Whenever I need to get back to the basics, to remember what is at the heart of this practice... whenever I need a reality check, I turn to Martine Batchelor. Martine Batchelor has been a gift and a treasure. I wonder if she knew when she started her ten year journey as a Zen Buddhist nun in Korea the lives she would touch. I wonder if she knows the difference she makes by sharing that journey with us.
I return to Thorson's Principles of Zen again and again. It is a short, sweet, simple introduction to Zen. There is a short passage in the book titled Quietness and Clarity which gave me just what I needed today. The section starts off talking about meditation--the second training. Anyone who has attempted this practice knows how difficult it can be at times to stay focused on the meditation object. Martine reminds us:
We need to remind ourselves of our intention to meditate, to focus on the question or the breath, so we have to come back repeatedly to the object of concentration. After a while we come back more quickly and stay longer on the object. Master Hsuyun said:
A thousand thoughts give us the opportunity to come back to the question a thousand times.
So being distracted is not the problem, staying distracted is!
[...from Thorson's Principles of Zen by Martine Batchelor, pgs. 6-7]
Amen, to that. And also to this other short passage in the same section on impermanence. This is for mangadezi-jr, if you're listening.
We generally believe that we will live for a few more years yet. We think it is other people who die - until it threatens to happen to us.
I realized impermanence when I saw the last breath of my father. This changed me irrevocably. I look at my family, myself, my friends in a very different light. I realized how human, how frail we all are. As Master Kusan used to say:
Our life rests upon a single breath.
[...from Thorson's Principles of Zen by Martine Batchelor, pgs. 6-7]
Everything is colored by what we are thinking about it. Everything. Our ability to love, to forgive, to embrace, to support is influenced by the things we carry in our minds. Meditation helps us to clear out the cobwebs and approach life with a fresh perspective. Otherwise, we are just pushing along... driven by complaint, judgment, self-indulgence and other unhelpful states of mind. Things can be difficult simply because we perceive them to be difficult... but when we allow ourselves to shift our perception just a little, we can see things differently.

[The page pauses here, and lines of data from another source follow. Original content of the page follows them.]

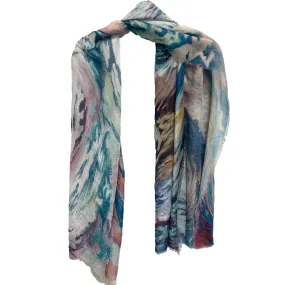 Whispering Watercolor Scarf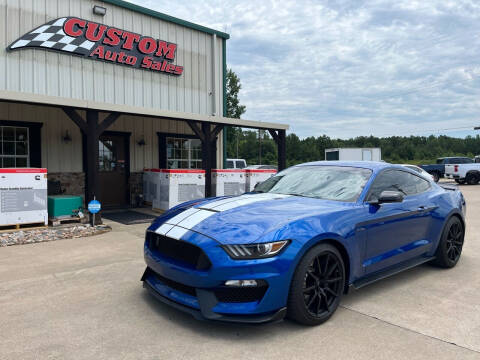 2018 Ford Mustang for sale at Custom Auto Sales - AUTOS in Longview TX
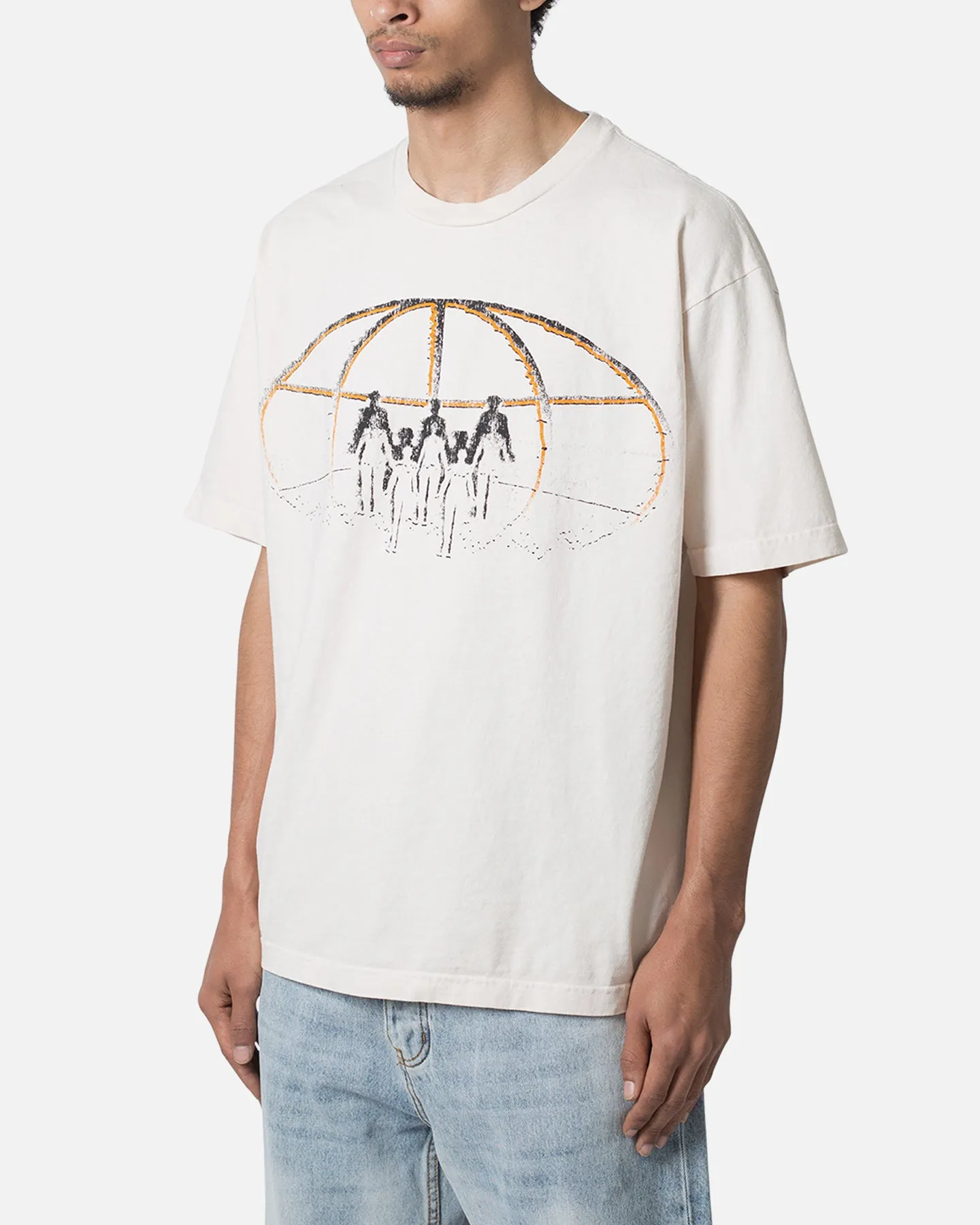 MNML Solidarity T-Shirt Off White sold by Culture Kings product image thumbnail 2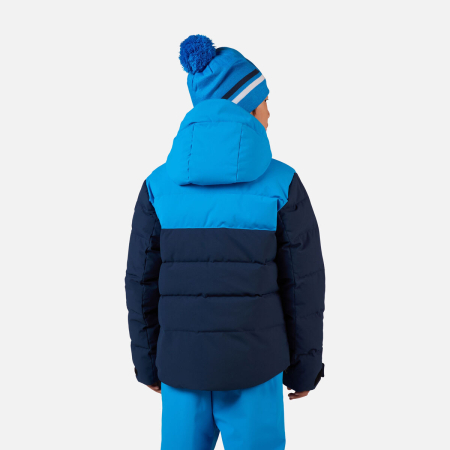 Geaca schi copii Rossignol BOY SIZ QUILTED Dark Navy [1]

I want to help my parents. I want to be there to do the cooking when it needs to be done... to wash some dishes... to take out the trash, to do whatever I can so they can feel comfortable resting/healing. I want to do it because they have done it for me, over and over again. After a couple of weeks of driving to different hospitals after work, running around to buy meals or groceries, helping them in the little ways that I could at the end of the work day, I started to feel the creeping sensation of burnout. My routine became this precious thing that was being encroached upon, turned upside down. My sleeping patterns were all out of whack. I was exhausted. The more I let myself think that way, the worse off things would be for all of us. But somehow, in the space of 20 minutes, it all falls away and all that is left is the happiness that comes from just being able to lend a hand. That's how today went.
A FOOTNOTE:
Here's good news about Martine Batchelor... she has published two new books. I've started to read them, and they are both wonderful:
1. Women in Korean Zen: Lives and Practices. This one starts as a memoir... Martine takes us on the journey with her to Korea... to the beginning of her practice there. And we meet the people she met. And thank Buddha she talks about the challenges. That's the one thing I think I appreciate most about Zen teachers... they don't pretend for a minute that this path is easy, but they show is it is possible and they lead by example. That's what Martine gives in this book, co-written with Son'gyong Sunim who provides her autobiography. I haven't gotten that far yet.
2. The Path of Compassion. This one is about The Bodhisattva Precepts and the Chinese Brahma's Net Sutra. At the core of the book, you'll find the Ten Major Precepts and Forty-Eight Secondary Precepts listed with commentary.